Com a ampla divulgação dos escândalos que rondam as instituições públicas percebe-se maior sensibilidade social fundada na vontade de um país diferente. A desmedida apropriação privada dos recursos públicos, em todos os níveis de governo, cria entrave ao pleno desenvolvimento do Brasil como nação moderna.

Entre as diversas campanhas que visam chamar a atenção da população para o tema estão:

– “Não Aceito Corrupção”: Idealizada e coordenada nacionalmente pelo promotor de justiça Roberto Livianu, atual presidente do MPD – Movimento do Ministério Público Democrático (ONG fundada em 1991 por Promotores de Justiça e Procuradores do MP de todo o Brasil), a campanha foi lançada em 2012 e tem como principal objetivo contribuir para a mudança da cultura da corrupção no Brasil. “Sinalizar os danos causados pela corrupção e cuidar para não comprometer o direito das futuras gerações”, destacou o idealizador.

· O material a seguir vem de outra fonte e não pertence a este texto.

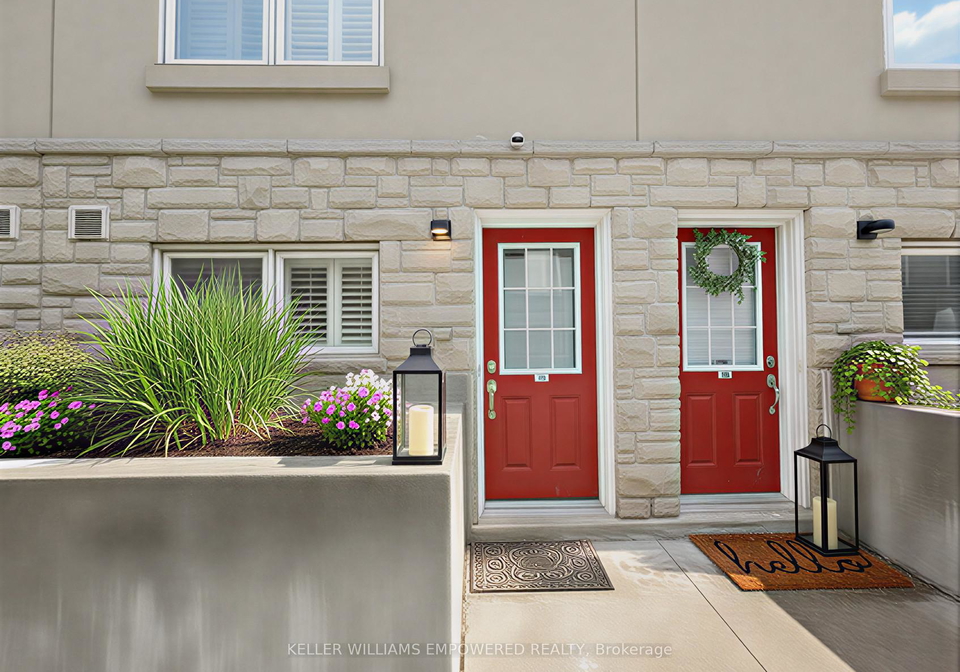 25-foundry-avenue-toronto-ontario-w12941506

– “Pequenas Corrupções – Diga Não” foi criada pela Controladoria-Geral da União (CGU) e tem como objetivo principal conscientizar os cidadãos para a necessidade de combater atitudes antiéticas – ou até mesmo ilegais –, que costumam ser culturalmente aceitas e ter a gravidade ignorada ou minimizada. As imagens da campanha foram inicialmente divulgadas nas redes sociais pela CGU, em junho de 2013.

– “Corrupção Não”, lançada em maio de 2015, é realização do Ministério Público Federal brasileiro, em parceria com a Associação Ibero-americana de Ministérios Públicos (AIAMP). Realizada simultaneamente em 21 países, a iniciativa quer mobilizar o maior número de pessoas possível em torno de uma ideia simples: o primeiro passo para acabar com esse problema é dizer “NÃO” a qualquer atitude corrupta.

A corrupção pode não ser extinta, mas pode ser controlada. É possível alterar e melhorar o cenário atual, porque a mudança está em cada um de nós, e começa nas “pequenas” atitudes do dia-a-dia.

Já dizia Aristóteles que a virtude moral é resultado do hábito e, mais recentemente, Mahatma Gandhi sugeriu que cada um seja “a mudança que quer ver no mundo”.

Todos unidos contra a corrupção. Não aceite. Diga não. Denuncie.

[1] – FILGUEIRAS, F. A tolerância à corrupção no Brasil: uma antinomia entre normas morais e prática social. Opinião pública, vol. 15, nº 2, novembro, 2009.

[2] – HABIB, Sérgio. Brasil: Quinhentos anos de corrupção. Enfoque sócio-histórico-jurídico-penal. Porto Alegre: Sérgio Antônio Fabris, 1994.
[3] – BIASON, R. Breve História da Corrupção no Brasil. Franca, 2010.